Research Paper Volume 3, Issue 12 pp 1206—1212

Relationship of spindle assembly checkpoint fidelity to species body mass, lifespan, and developmental rate

Antonello Lorenzini1, , Lauren S. Fink2,3, , Thomas Stamato4, , Claudio Torres2, , Christian Sell2, ,

  • 1 University of Bologna; Department of Biochemistry “G. Moruzzi”; Bologna, Italy
  • 2 Drexel University College of Medicine; Department of Pathology and Laboratory Medicine; Philadelphia, PA 19129, USA
  • 3 Current address; Fox Chase Cancer Center; Department of Cancer Biology; Philadelphia, PA 19046, USA
  • 4 Lankenau Institute for Medical Research; Wynnewood, PA 19096, USA

Received: December 23, 2011       Accepted: December 26, 2011       Published: December 26, 2011      

https://doi.org/10.18632/aging.100416
How to Cite

Copyright: © 2011 Lorenzini et al. This is an open-access article distributed under the terms of the Creative Commons Attribution License, which permits unrestricted use, distribution, and reproduction in any medium, provided the original author and source are credited.

Abstract

We have examined the tolerance of the spindle assembly checkpoint (SAC), as measured by the appearance of tetraploid cells in the presence of a microtubule inhibitor, in a series of primary cell strains derived from species with diverse lifespan and body size. We find that the integrity of the SAC varies among these species. There is a robust correlation between the integrity of the SAC and body size, but poor correlation with longevity and parameters of species development (i.e., time of female fertility, gestation length, and postnatal growth rate). The results suggest that fidelity of the SAC co-evolved more closely with the number of mitoses needed to reach adulthood than with species lifespan.

Introduction

Rodent and human tissues are histologically indistinguishable, yet the rate of tumor formation differs significantly between the species. A higher rate of transformation in vitro (10−5 to 10−6 in rodents compared to 10−9 to 10−10 in humans) and a higher rate of tumor formation in vivo suggest that the rodent genome is inherently less stable [1, 2].

Differences between rodent and human cells have been identified that may underlie differences in genomic stability. For example, the complement of oncogenic changes required for immortalization is greater in human cells than in rodent cells [3], which is potentially linked to differential activation of cell cycle checkpoint proteins such as the Cdk inhibitor p16Ink4a/Arf [4]. DNA repair is essential to genome stability and although DNA repair rates appear similar in rodents and humans [5], variability exists in the levels and activities of essential DNA repair proteins such as the DNA end binding Ku70/80 heterodimer and the DNA activated protein kinase (DNAPK) [5, 6]. We have postulated that the differential expression of these DNA repair proteins provide for a higher fidelity of repair based upon a more stable cell cycle arrest following DNA damage [7, 8].

The spindle assembly checkpoint (SAC) is a critical element in regulating chromosome segregation [9]. This checkpoint is revealed in the presence of microtubule poisons [10] and serves to regulate the E3 ubiquitin ligase anaphase-promoting complex/cyclosome (APC/C) that targets cyclin B to the 26 S proteasome [11]. Twenty years ago, Schimke and co-workers identified a substantial difference in the SAC between rodent and human cells, which may relate to the differential genomic stability in these species [12]. Rodent cells were found to undergo successive rounds of DNA replication in the presence of microtubule inhibitors that prevent mitosis, leading to cells with tetraploid DNA content.

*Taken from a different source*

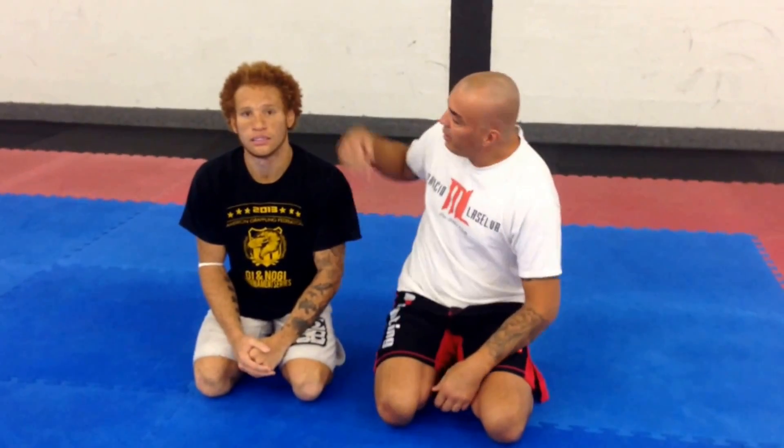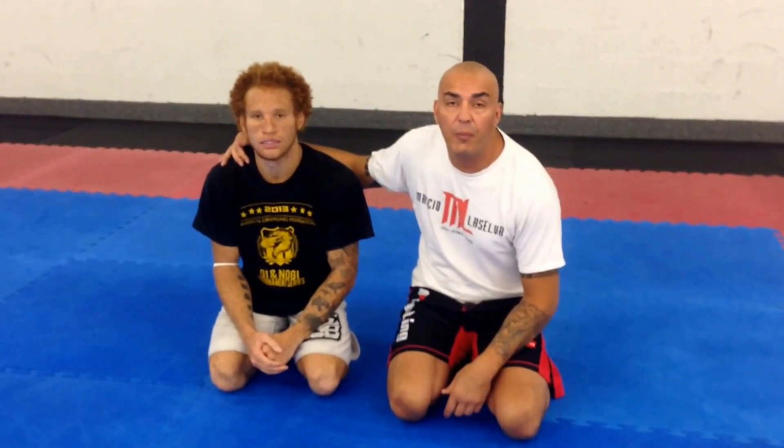Hi everybody, I'm here with my Purple Belt Greg Scott. We're gonna show today a little video about arm drag from butterfly into arm lock.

More recent work has shown that the SAC can be stabilized in rodent cells through introduction of the human MAD1 protein [13]. These results suggest that enhanced fidelity of the SAC is a feature of longer-lived species contributing to improved genomic integrity.

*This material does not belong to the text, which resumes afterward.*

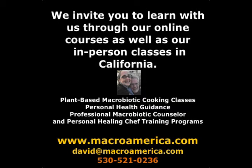Please enjoy, and come study with us either online or in person. Enjoy!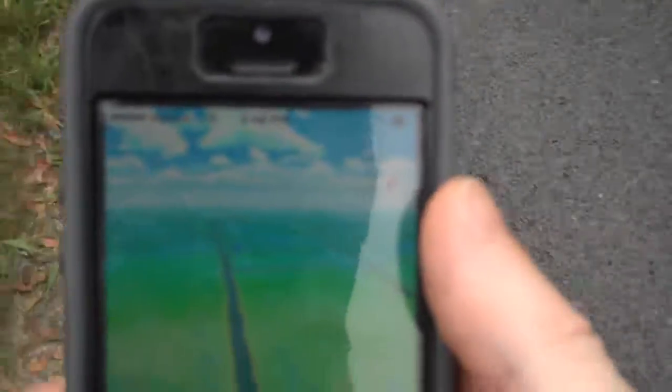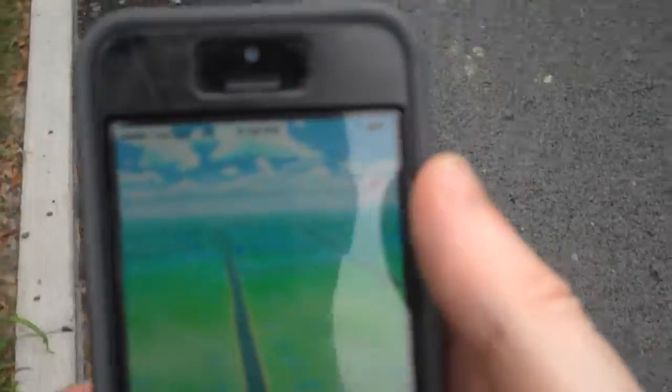So I was down in the city, Manhattan, and I went to the Nintendo Store, which people might know used to be just a Pokémon store. And I found this guy in the corner, and he showed me this trick, and I gotta tell you, it's really impressive.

We have tested this prediction using a series of mammalian cell strains that have been maintained under standardized culture conditions [14]. We chose species belonging to different orders (ie, having a relatively large evolutionary distance) so that maximum longevity and adult weight covered a wide range of values and were not skewed toward a single branch, (see Figure 1). Using fibroblast cells from these species we have examined the relationship between SAC fidelity and maximum longevity, adult weight, time of female fertility, gestation length and postnatal growth rate. It appears that SAC stability correlates better with body size than lifespan, timing of female fecundity, gestation length, or postnatal growth rate. Although the data do not rule out a role for the SAC in maintaining genomic stability required for extended lifespan, our results suggest that SAC has a more prominent role in body size determination.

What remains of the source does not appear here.